Joint Serious Case Review into sexual exploitation published
Victims of sexual exploitation in Newcastle received effective protection, support and help once the true scale of the problem had been uncovered, says a report out today (Friday, Feb 23).
Large numbers of victims were identified, supported and protected. The high quality of services they receive has attracted national recognition.
As soon as the scale of the problem was known, the response from Newcastle City Council with its partners “was swift, determined and committed.” Perpetrators were arrested, charged and have received lengthy prison sentences.

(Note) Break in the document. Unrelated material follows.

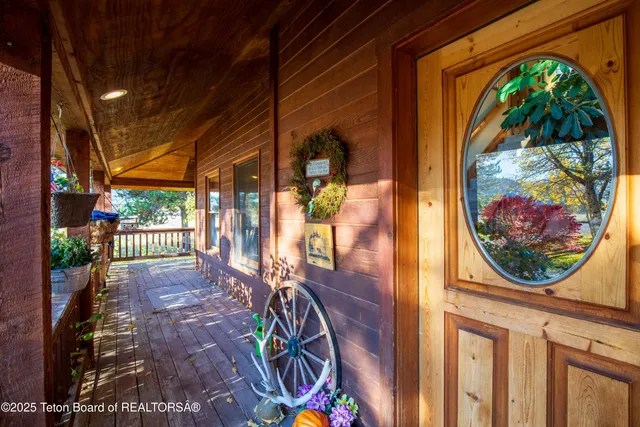 $1,695,000 | 83 Buck Lane, Alpine, WY 83128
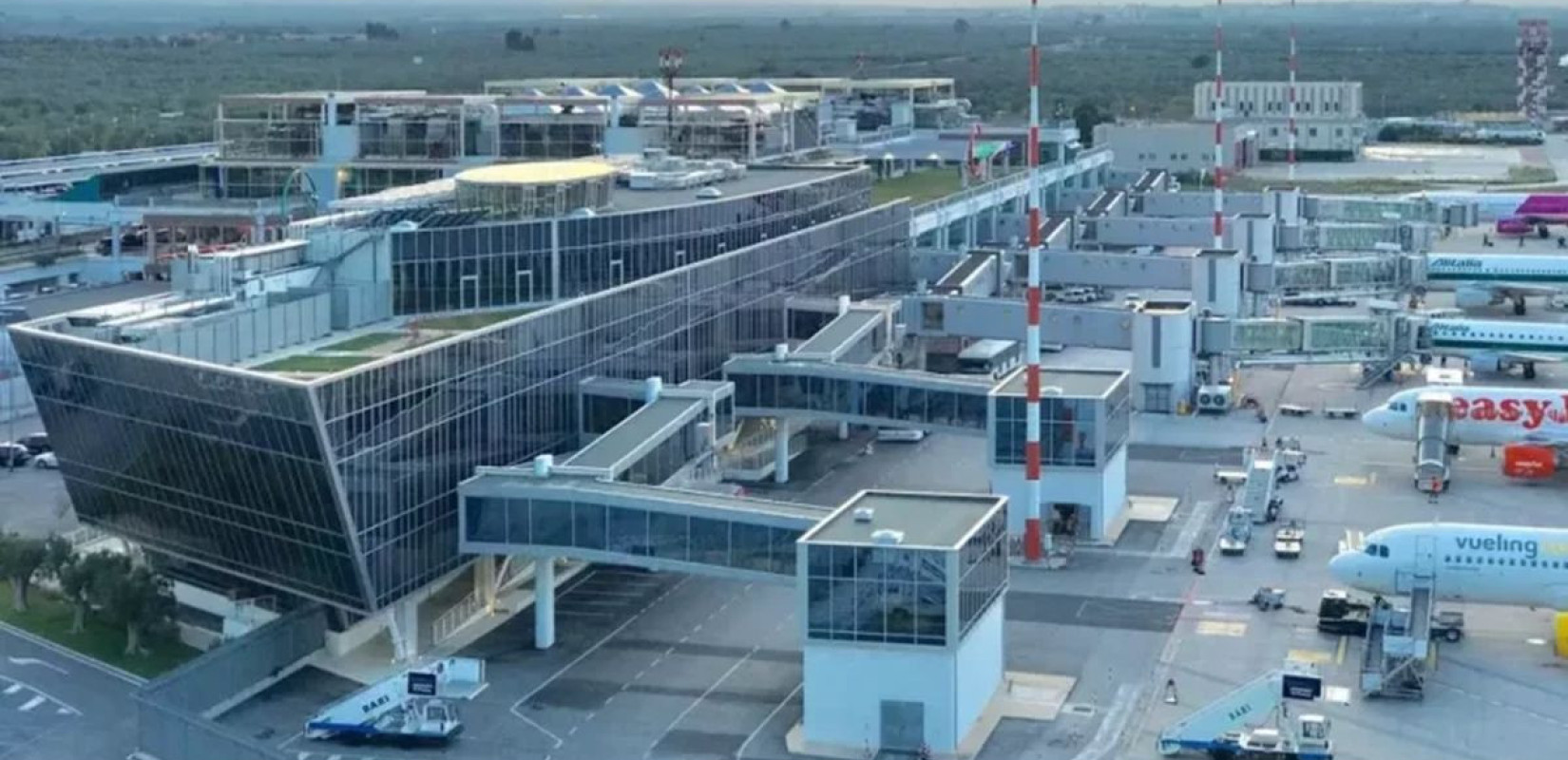 Φωτογραφία αρχείου από το αεροδρόμιο του Μπρίντιζι - Πηγή: https://www.romaautonoleggi.it/wp-content/uploads/2023/03/aeroporto-brindisi-1-800x450.webp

Prior to 2014, there was evidence that individual cases received committed and persistent interagency support however this had limited impact because it did not involve consistent action to investigate, prosecute or disrupt perpetrators.
In investigating sexual exploitation, there was no fear of appearing racist and political correctness did not influence earlier decisions.
These are just some of the findings in the report written by an independent expert with many years of experience.
The Joint Serious Case Review was commissioned to learn from Newcastle’s experience in October 2015 as there was growing awareness of sexual exploitation of vulnerable women and girls on a large scale across the city.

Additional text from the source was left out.